CODEWITHSUNDEEP
mongodbcollectionsdiff
Karan Jain
Karan Jain

Reputation: 415

Compare a mongo diff on two collections

I have two mongo collections, one which refers to the production env and the other to the testing env.

How can I compare a diff between my two collections?

I tried dumping them to a bson and then converting to a json. But I cant just perform a simple diff on them since the sorting might vary and the json file is way too large to be sorted.

Upvotes: 34

Views: 51998

Answers (7)

Xavier Guihot
Xavier Guihot

Reputation: 61666

Starting Mongo 4.4, the aggregation framework provides a new $unionWith stage, performing the union of two collections (the combined pipeline results from two collections into a single result set).

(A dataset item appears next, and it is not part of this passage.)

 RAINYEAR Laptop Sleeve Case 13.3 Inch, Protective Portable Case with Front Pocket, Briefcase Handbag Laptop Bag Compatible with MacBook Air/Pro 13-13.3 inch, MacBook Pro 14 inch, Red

Making it way easier to find the diff between two collections:

// > db.test.find()
//    { "a" : 9, "b" : 2  }
//    { "a" : 4, "b" : 12 }
//    { "a" : 3, "b" : 5  }
//    { "a" : 0, "b" : 7  }
//    { "a" : 7, "b" : 12 }
// > db.prod.find()
//    { "a" : 3, "b" : 5  }
//    { "a" : 4, "b" : 12 }
//    { "a" : 3, "b" : 5  }
//    { "a" : 0, "b" : 7  }
db.test.aggregate(
  { $unset: "_id" },
  { $project: { from: "test", doc: "$$ROOT" } },
  { $unionWith: {
      coll: "prod",
      pipeline: [
        { $unset: "_id" },
        { $project: { from: "prod", doc: "$$ROOT" } }
      ]
  }},
  { $group: {
      _id: "$doc",
      test: { $sum: { $cond: [ { $eq: ["$from", "test"] }, 1, 0 ] } },
      prod: { $sum: { $cond: [ { $eq: ["$from", "prod"] }, 1, 0 ] } }
  }},
  { $match: { $expr: { $ne: ["$test", "$prod"] } } }
)
// { "_id" : { "a" : 7, "b" : 12 }, "test" : 1, "prod" : 0 }
// { "_id" : { "a" : 9, "b" : 2  }, "test" : 1, "prod" : 0 }
// { "_id" : { "a" : 3, "b" : 5  }, "test" : 1, "prod" : 2 }

This:

  • $unsets the _id in order to latter be able to $group documents by themselves without considering the _id (as it might be different in the other collection).
  • $projects the field from whose value is the collection the document comes from (test or prod), in order, latter when we merge the two collections, to keep track from where documents originated from.
  • Also $projects the field doc whose value is the document itself (thanks to the $$ROOT variable). This is the field that will be used to $group documents together.
  • $unionWith the prod collection in order to merge documents from both collections into the same aggregation pipeline. The pipeline parameter is an optional aggregation pipeline applied on documents from the collection being merged (prod) before documents are inserted into the downstream pipeline. And we're applying the same $unset/$project stages we've applied on test documents.
  • $groups test and prod documents based on the doc field that we've created to represent the actual document. And we accumulate the two fields test and prod as the $sum (count) of grouped documents originating from one or the other collection (via $cond if expressions).
  • $matches resulting grouped elements by only keeping items not having the same number of test and prod documents: the actual diff between the two collections.

Upvotes: 13

Gianfranco P
Gianfranco P

Reputation: 10794

mongoexport now has a --sort option:

For example:

$ mongo
test> db.coll.insertMany([
  { _id: 0, name: 'Alex' },
  { _id: 1, name: 'Bart' },
  { _id: 2, name: 'Maria' },
  { _id: 3, name: 'Aristotle' },
]);
{
  "acknowledged": true,
  "insertedIds": [
    0,
    1,
    2,
    3
  ]
}

Export it:

mongoexport -d test -c coll --sort "{name: 1}"
2018-10-25T15:50:07.210+0300    connected to: localhost
{"_id":0.0,"name":"Alex"}
{"_id":3.0,"name":"Aristotle"}
{"_id":1.0,"name":"Bart"}
{"_id":2.0,"name":"Maria"}
2018-10-25T15:50:07.210+0300    exported 4 records

mongoexport -d test -c coll --sort "{name: -1}"
2018-10-25T15:49:42.010+0300    connected to: localhost
{"_id":2.0,"name":"Maria"}
{"_id":1.0,"name":"Bart"}
{"_id":3.0,"name":"Aristotle"}
{"_id":0.0,"name":"Alex"}
2018-10-25T15:49:42.011+0300    exported 4 records

After you exported the collections you can perform a diff in the command line or use a graphical user interface (GUI) tool like Beyond Compare.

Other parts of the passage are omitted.